To date, Plunkett has helped mastermind the props for films like In Search of Fellini, My Friend Dahmer, and Dog Eat Dog, as well as stage productions for Near West Theatre and the recently defunct Mamai Theatre Company. She took over the business last year from Heidi Boone, a Lakewood-based prop master who had moved down to Florida.
“I was working on some theatre productions at Near West when I was introduced to Heidi,” says Plunkett. “She’d collected props throughout her lifetime, and her shop was closed. It was sort of a slow acquisition over a period of a few years [before I opened Cleveland Prop Shop].”
Calling herself an “archaeologist of sorts," Plunkett prides herself on her ability to source whatever the script calls for—whether that’s a still-working ironing machine from 1917 or prison toothbrushes for a jail scene.
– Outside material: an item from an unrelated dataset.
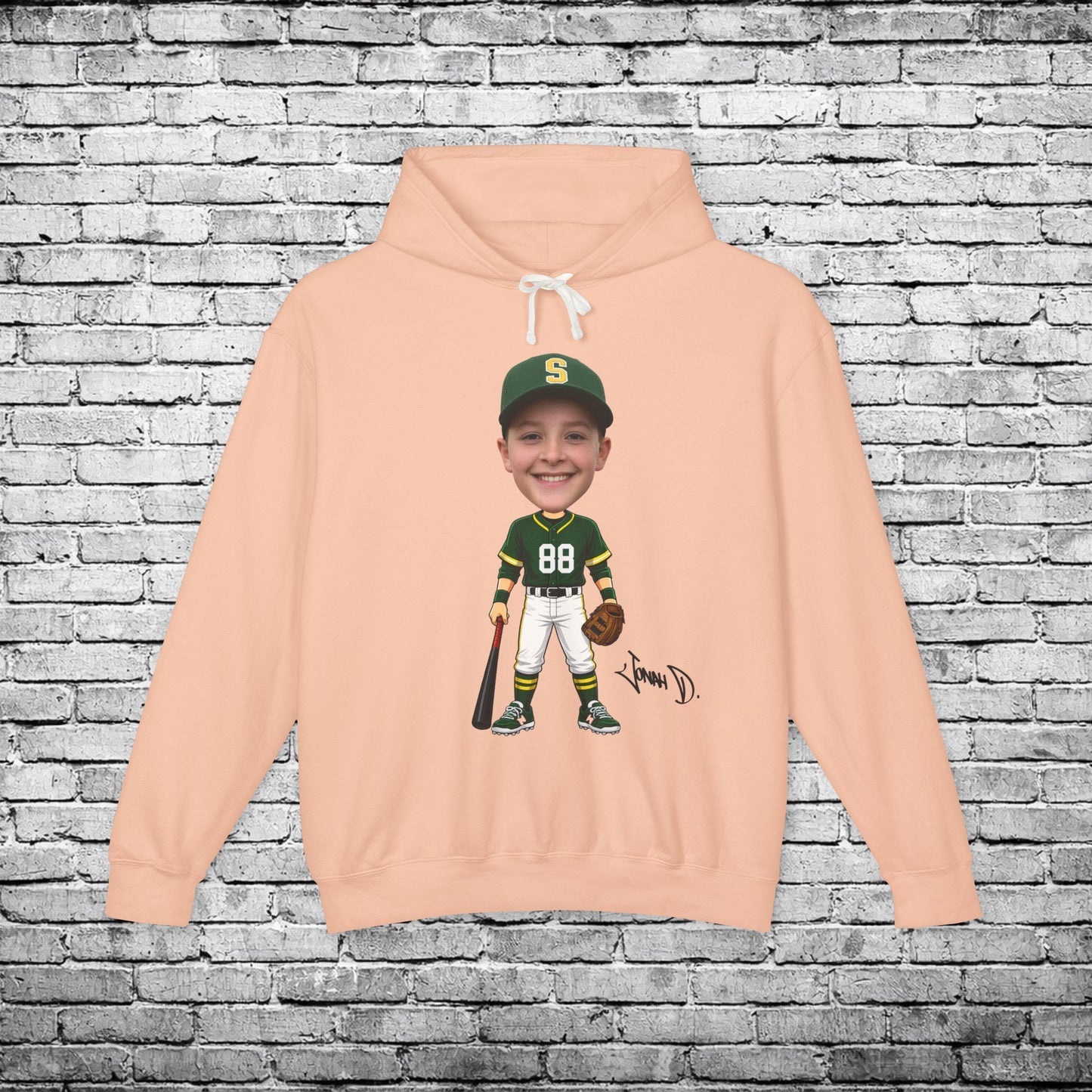 Zone Baseball Jonah Jonah (Light Skin Tone) Custom Caricature Hoodie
And if she can’t find the perfect prop, she makes it. One of Plunkett’s proudest moments was creating a “muffin machine” for Near West’s production of Beauty and the Beast out of an old tea cart, and she also specializes in making intricate faux food replicas.
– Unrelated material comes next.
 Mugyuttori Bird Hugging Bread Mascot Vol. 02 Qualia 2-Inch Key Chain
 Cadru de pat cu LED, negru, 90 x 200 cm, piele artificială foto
“I come from a maker family. My father owns a furniture business in Youngstown, so if I’m building something really big, I’ll use his space and tools,” says Plunkett. “It’s given us some great bonding time.”
Along with prop rentals, Plunkett also helps set the scene for special events around Cleveland. Last year, Plunkett executed a Victorian Garden motif for the annual Earth Day Coalition benefit—with all décor created from recycled or reclaimed objects. Plunkett has also worked with Mamai Theatre Company on its last two benefits, creating bespoke centerpieces that “incorporated some theatre geek items” (like playing cards for A Streetcar Named Desire).
Though Plunkett acknowledges she’s running a small operation for now, she’s eager to partner with other local businesses to build a strong network of referrals for productions that come into town. She's also building out the Cleveland Prop Shop website and continuing to acquire at least one new prop each week. Her ultimate goal is to be a one-stop shop for props in both film and theatre.
“The reason I think we need a prop shop in Cleveland is that [set decorators] don’t want to be running around to 60 different places—it just adds time and frustration,” says Plunkett.
For Plunkett, whose early background was in international education, “props are, in a way, an extension of my interest in culture. You’re sourcing things for a particular character in a particular time and place—whatever the story is, its context is [set in] a particular culture.”